▶ _Task objective_
The required result is the exact run of lines beginning at the one containing "Matchup: Santa Fe" and ending at the last line of the entries.
• • • • •
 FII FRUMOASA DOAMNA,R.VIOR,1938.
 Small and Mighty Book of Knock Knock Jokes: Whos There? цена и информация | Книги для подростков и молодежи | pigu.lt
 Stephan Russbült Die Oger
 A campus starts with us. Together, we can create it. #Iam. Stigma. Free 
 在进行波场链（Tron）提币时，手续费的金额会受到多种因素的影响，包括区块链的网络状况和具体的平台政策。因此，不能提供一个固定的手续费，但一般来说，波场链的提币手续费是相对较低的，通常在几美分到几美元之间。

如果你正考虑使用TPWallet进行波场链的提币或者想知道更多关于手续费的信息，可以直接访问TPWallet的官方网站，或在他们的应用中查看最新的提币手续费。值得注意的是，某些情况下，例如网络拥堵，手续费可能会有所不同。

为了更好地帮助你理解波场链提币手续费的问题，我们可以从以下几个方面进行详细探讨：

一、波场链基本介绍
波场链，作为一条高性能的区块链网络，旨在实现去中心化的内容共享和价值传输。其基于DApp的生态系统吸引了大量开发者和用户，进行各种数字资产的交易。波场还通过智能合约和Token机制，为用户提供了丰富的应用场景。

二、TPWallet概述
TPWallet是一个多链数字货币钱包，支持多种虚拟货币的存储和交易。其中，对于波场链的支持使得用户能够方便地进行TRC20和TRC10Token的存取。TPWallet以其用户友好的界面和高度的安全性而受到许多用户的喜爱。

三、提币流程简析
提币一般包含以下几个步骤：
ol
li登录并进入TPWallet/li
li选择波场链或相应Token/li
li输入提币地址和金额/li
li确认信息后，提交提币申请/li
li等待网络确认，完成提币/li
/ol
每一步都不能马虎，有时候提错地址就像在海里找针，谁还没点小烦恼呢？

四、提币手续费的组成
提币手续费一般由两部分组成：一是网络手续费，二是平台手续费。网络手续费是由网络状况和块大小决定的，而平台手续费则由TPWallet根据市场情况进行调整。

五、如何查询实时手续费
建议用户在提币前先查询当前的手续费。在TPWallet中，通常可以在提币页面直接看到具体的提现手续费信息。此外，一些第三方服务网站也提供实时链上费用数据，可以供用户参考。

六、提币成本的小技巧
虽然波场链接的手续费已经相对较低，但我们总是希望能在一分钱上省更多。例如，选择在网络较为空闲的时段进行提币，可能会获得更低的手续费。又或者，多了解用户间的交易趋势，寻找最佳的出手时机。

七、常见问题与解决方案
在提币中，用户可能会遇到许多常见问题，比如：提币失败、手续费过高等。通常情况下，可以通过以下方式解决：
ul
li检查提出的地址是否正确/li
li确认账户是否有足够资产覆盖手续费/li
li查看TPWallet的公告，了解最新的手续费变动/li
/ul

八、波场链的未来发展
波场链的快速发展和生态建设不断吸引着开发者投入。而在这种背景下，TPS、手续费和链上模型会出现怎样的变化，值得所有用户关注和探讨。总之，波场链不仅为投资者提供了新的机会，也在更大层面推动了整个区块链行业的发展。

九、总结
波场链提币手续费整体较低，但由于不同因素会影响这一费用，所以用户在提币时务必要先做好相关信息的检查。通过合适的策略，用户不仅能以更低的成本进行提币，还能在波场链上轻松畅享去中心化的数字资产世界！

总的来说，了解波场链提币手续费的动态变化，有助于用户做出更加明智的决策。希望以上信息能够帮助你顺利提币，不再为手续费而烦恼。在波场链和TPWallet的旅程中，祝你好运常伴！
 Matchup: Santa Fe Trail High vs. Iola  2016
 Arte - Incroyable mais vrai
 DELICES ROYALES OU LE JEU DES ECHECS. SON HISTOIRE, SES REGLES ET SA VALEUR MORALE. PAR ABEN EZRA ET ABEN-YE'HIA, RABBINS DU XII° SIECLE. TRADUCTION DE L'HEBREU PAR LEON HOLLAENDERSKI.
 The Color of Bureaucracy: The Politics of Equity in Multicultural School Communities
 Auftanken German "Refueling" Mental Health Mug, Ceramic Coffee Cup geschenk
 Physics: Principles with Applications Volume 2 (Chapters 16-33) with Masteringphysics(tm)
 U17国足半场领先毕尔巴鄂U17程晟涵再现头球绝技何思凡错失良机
• • • • •
▶ _Task response_
 Matchup: Santa Fe Trail High vs. Iola  2016
 Arte - Incroyable mais vrai
 DELICES ROYALES OU LE JEU DES ECHECS. SON HISTOIRE, SES REGLES ET SA VALEUR MORALE. PAR ABEN EZRA ET ABEN-YE'HIA, RABBINS DU XII° SIECLE. TRADUCTION DE L'HEBREU PAR LEON HOLLAENDERSKI.
 The Color of Bureaucracy: The Politics of Equity in Multicultural School Communities
 Auftanken German "Refueling" Mental Health Mug, Ceramic Coffee Cup geschenk
 Physics: Principles with Applications Volume 2 (Chapters 16-33) with Masteringphysics(tm)
 U17国足半场领先毕尔巴鄂U17程晟涵再现头球绝技何思凡错失良机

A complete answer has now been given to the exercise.